Affiorano, ad esempio, nelle tesi sostenute dal francescano Raniero Cantalamessa, che è il predicatore ufficiale della Casa pontificia: «La storia sacra ha tre fasi. Nella prima, l’Antico Testamento, si è rivelato il Padre. Nella seconda, il Nuovo Testamento, si è rivelato il Cristo. Ora siamo nella terza fase, quando lo Spirito Santo brilla in tutta la sua luce e anima l’esperienza della Chiesa». Proprio questo, infatti, Gioacchino profetizzò: la venuta di una terza e ultima età del mondo, quella dello Spirito Santo. Con una nuova Chiesa tutta spirituale, tollerante, libera, ecumenica. Che prende il posto della vecchia Chiesa dogmatica, gerarchica, troppo materiale. Padre Cantalamessa è vicino al movimento dei carismatici e quindi sensibile a queste visioni. Ma l’influsso di Gioacchino da Fiore sul pensiero cattolico è molto più ampio e profondo.
Il gioachimismo cattolico ha avuto un impetuoso risveglio soprattutto col Concilio Vaticano II. Ha fatto leva su Giovanni XXIII e la sua invocazione di «una nuova Pentecoste». Ha contrapposto lo «spirito» del Concilio alla sua «lettera». Ha predicato una nuova Chiesa «spirituale» al posto di quella vecchia «carnale». Soprattutto le correnti progressiste della Chiesa hanno innalzato questo stendardo. Anche il mito della «Chiesa dei poveri» lanciato dal cardinale Giacomo Lercaro e dal suo teologo don Giuseppe Dossetti rimanda a Gioacchino da Fiore, ai fraticelli e a Celestino V, il papa mistico che, unico caso nella storia, rinunciò alle somme chiavi.
Il grande teologo gesuita e poi cardinale Henri De Lubac dedicò negli anni Settanta all’influsso del monaco calabrese due volumi di più di mille pagine, intitolati “La posterità spirituale di Gioacchino da Fiore”. Il primo è oggi esaurito. Ma il secondo, “Da Saint-Simon ai nostri giorni”, edito da Jaca Book, è ancora disponibile in libreria.
In esso, De Lubac dedica pagine acute all’impronta gioachimita sul pensiero hegeliano e marxista, ma anche su Lamennais, sul messianismo polacco di un Adam Mickiewicz, sui grandi autori russi.
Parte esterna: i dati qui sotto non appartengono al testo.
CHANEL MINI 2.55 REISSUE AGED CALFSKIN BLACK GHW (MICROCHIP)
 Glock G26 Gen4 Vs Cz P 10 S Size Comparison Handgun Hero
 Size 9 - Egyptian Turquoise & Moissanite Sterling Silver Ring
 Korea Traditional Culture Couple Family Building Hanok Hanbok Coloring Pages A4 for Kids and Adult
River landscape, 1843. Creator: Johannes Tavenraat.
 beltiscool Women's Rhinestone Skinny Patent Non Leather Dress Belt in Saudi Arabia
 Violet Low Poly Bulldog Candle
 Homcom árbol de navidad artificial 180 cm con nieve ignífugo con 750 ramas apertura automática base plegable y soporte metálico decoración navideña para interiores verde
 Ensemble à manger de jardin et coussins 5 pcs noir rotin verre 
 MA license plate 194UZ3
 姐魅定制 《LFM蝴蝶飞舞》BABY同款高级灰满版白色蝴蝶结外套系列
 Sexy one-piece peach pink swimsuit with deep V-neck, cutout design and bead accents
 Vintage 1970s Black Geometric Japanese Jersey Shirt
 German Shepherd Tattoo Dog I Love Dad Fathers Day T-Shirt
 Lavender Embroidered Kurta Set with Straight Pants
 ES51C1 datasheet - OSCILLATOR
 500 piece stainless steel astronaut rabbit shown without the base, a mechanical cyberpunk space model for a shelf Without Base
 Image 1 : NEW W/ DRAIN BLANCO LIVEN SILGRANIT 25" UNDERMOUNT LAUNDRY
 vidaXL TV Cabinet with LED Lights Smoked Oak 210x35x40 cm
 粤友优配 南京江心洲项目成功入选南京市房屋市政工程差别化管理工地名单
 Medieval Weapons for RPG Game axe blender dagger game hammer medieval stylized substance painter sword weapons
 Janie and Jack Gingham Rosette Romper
Il capitolo conclusivo, purtroppo incompiuto, ha per titolo “Neogioachimismi contemporanei”. De Lubac vi scrive:
«Il “cancro” denunciato dal Concilio provinciale di Arles nel 1262 era una semplice dottrina fantasiosa, una corrente marginale, episodio effimero nella storia cristiana, o al contrario un fenomeno di straordinaria portata, dal seguito incalcolabile? La risposta non appare dubbia. [...] Il gioachimismo non è solo riconoscibile in contesti completamente secolarizzati. Esso ispira, come forza ancor viva, movimenti spirituali che non vogliono uscire dai confini del cristianesimo. [...] Nella seconda parte del secolo XX assistiamo al suo risveglio nel cuore stesso della Chiesa. Sembra perfino volervi effettuare un ritorno in forze. Però, rispetto allo stesso Gioacchino, i suoi odierni araldi non annunciano lo sboccio dello Spirito per l’indomani; lo vedono e lo dicono già presente in loro; essi ne sono gli organi. Forse più di Gioacchino, accentuano la cesura tra la Chiesa proveniente dal passato, dichiarata ormai invecchiata, e quella del futuro, che sorge oggi stesso in qualche luogo privilegiato, raggiante di giovinezza. [...] Si osserva alla base una concezione lineare del tempo, che crede di non poter accogliere nulla di nuovo se non attraverso il rifiuto dell’antico».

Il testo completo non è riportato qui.